I'll stop assaulting everyone to buy one for now, at least until I get my hands on another verified set of bad caps. I'll buy both of those models and maybe one or two more to test out then, since I can just sell them on eBay afterwards and get most of my money back.
 
I'm also really tempted to put all the Cell caps back on and then enable the tristate, just to see if it boots. I don't know that it will, but hey, science! If it does (big if), then it might prove that the problem is in the southbridge somewhere (since the tristate acts as a disconnect between syscon and southbridge -- I might be getting this slightly wrong), or maybe the firmware is corrupted (which is something that the psxdev wiki hinted at). Anyone around here experienced with hardware flashing can speak to this idea?

It should boot, I cant remember what board ur working on but the tristate to ground to rule out corrupt firmware only works on NOR consoles from memory? and not NAND, i could be wrong tho im not full bottled on this hopefully others can chime in here? It is however a good test to do since most consoles run CFW these days now so u should always have this on ur list "to Test".


I just checked and I have mine set to DC coupling, which will just show you the whole signal. I checked to make sure, and all AC coupling did was center the same signal at zero volts. I think the signal is small and ugly enough that it doesn't matter.

As WRX said, you just have to have fast fingers on the memory buttons to catch it in the 2 to 3 seconds before it shuts back down.

I'll change mine back to DC and get some new images just for references, last time i probed with DC was on a board that was using the tant caps installed and the signal was like Marciolsf's so i thought the tants signals just weren't able to show such a clean signal like the Tokins can, for some reason on AC the signal i could capture appeared better but as u said it probably shouldn't really matter.
 
i have never seen here any one said that he made his ps3 work so good after he replace his neces with tantalum have someone here succeeded
 
maybe you can disable webman mod and reboot. with console completely boot make a note of stock syscon temperatures than use webman mod
can confirm that disabling the fan in order to heat it quicker didn't do much. The shutdowns pretty much happen within the first 30 seconds now upon a cold boot. After that, it stays powered on for hours with no problems.
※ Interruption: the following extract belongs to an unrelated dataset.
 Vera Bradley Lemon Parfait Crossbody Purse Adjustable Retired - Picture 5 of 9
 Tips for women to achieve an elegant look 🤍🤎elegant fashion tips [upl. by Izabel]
To anyone reading this, what is generally the cause of YLOD only at cold boots, but after that no shutdowns for hours and hours of use? What's my prognosis? How long can it keep working in this stage?
 
can confirm that disabling the fan in order to heat it quicker didn't do much. The shutdowns pretty much happen within the first 30 seconds now upon a cold boot. After that, it stays powered on for hours with no problems.

To anyone reading this, what is generally the cause of YLOD only at cold boots, but after that no shutdowns for hours and hours of use? What's my prognosis? How long can it keep working in this stage?
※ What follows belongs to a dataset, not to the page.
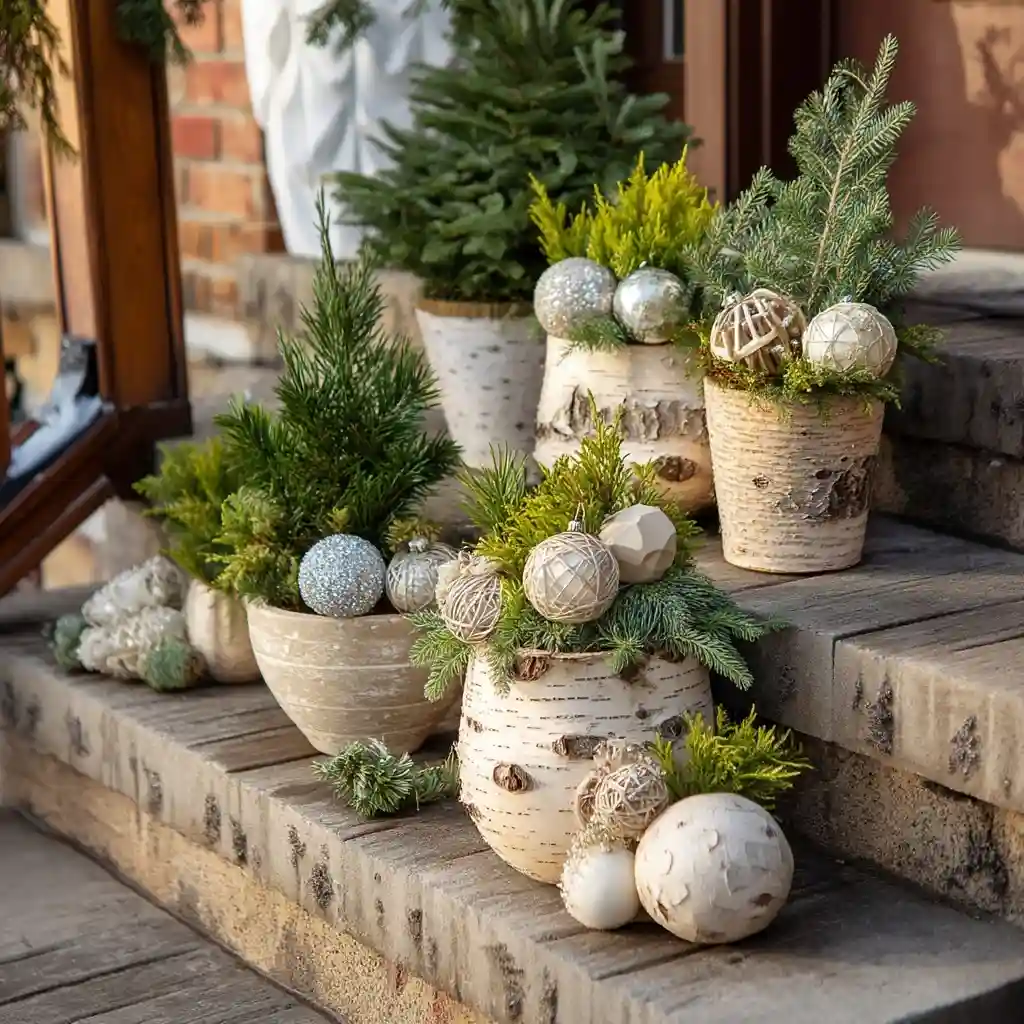 Dress Up a Collection of Smaller Pots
possibly the gradual heating of the system is causing the ylod. it's cold at first, but then it gets very hot. if the same temp is maintained, it may be less inclined to ylod. I think that's the reason the ps4 continues to cool the system even after shutdown (fans are still on).
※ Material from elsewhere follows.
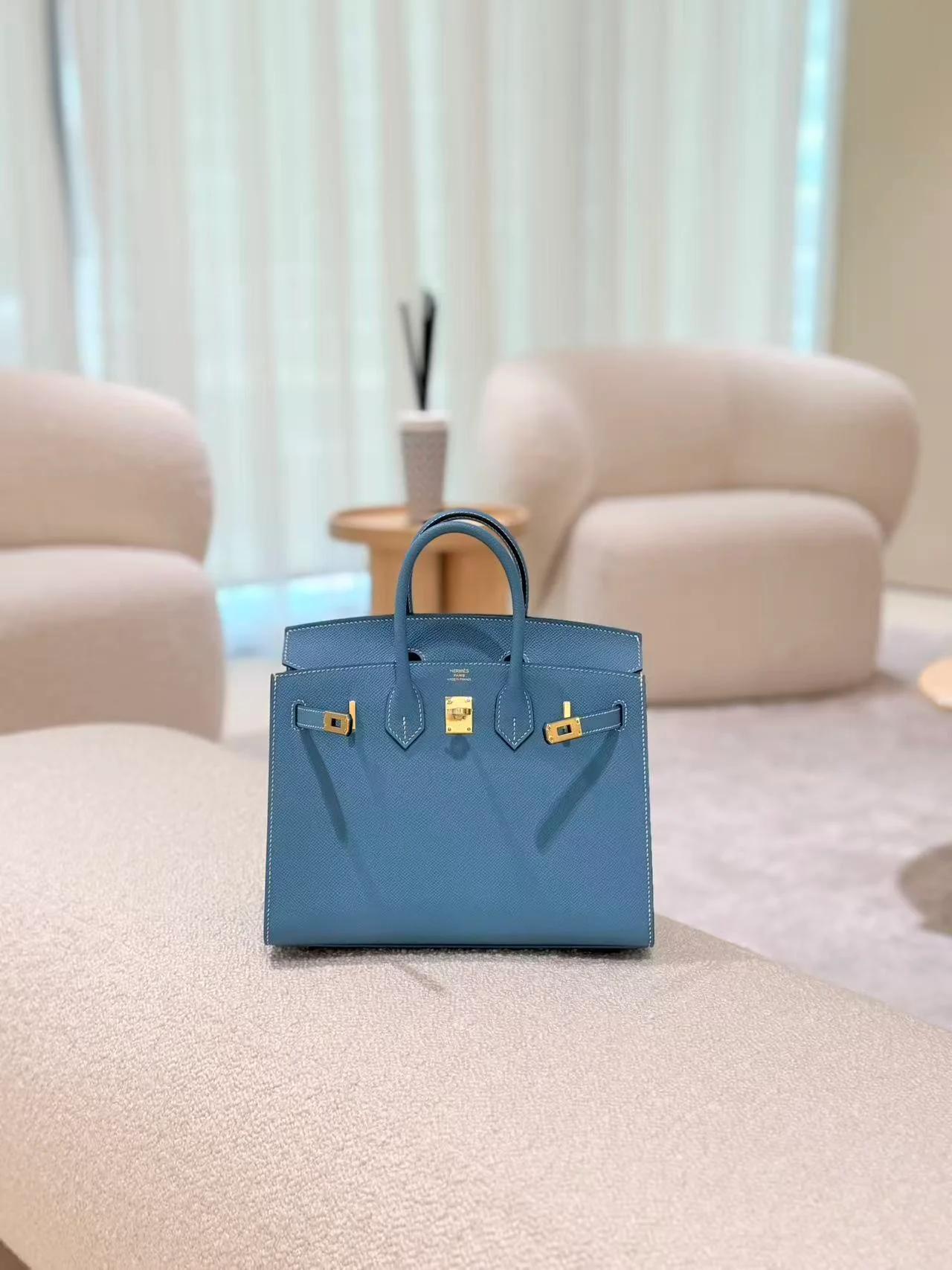 ランク NS 未使用品 HERMÈS エルメス バーキン25 セリエ ニューブルージーン (D2) エプソン ゴールド金具 B刻印 (2023) - 6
it was suggested to turn the fans off on the 360 after replacing thermal paste. it's supposed to allow the paste to cook evenly, but I've never confirmed if that's what's happening. I unplugged the fan for a couple minutes to let it 2 ring (overheating) the first time I did it. it didn't stop the pos xenon from eventually dying though. I repaired it a couple times, but at that point, it wasn't worth it anymore. those things are ticking time bombs.
 
possibly the gradual heating of the system is causing the ylod. it's cold at first, but then it gets very hot. if the same temp is maintained, it may be less inclined to ylod. I think that's the reason the ps4 continues to cool the system even after shutdown (fans are still on)..


That's... an interesting theory indeed. It might actually explain why my most recent cold boot YLOD happened quicker than ever before when I had syscon enabled.

I'll try setting the fans at a manual speed of 40% before I turn it off next and test the console boot up next day that way. If I survive the YLOD, your theory is correct!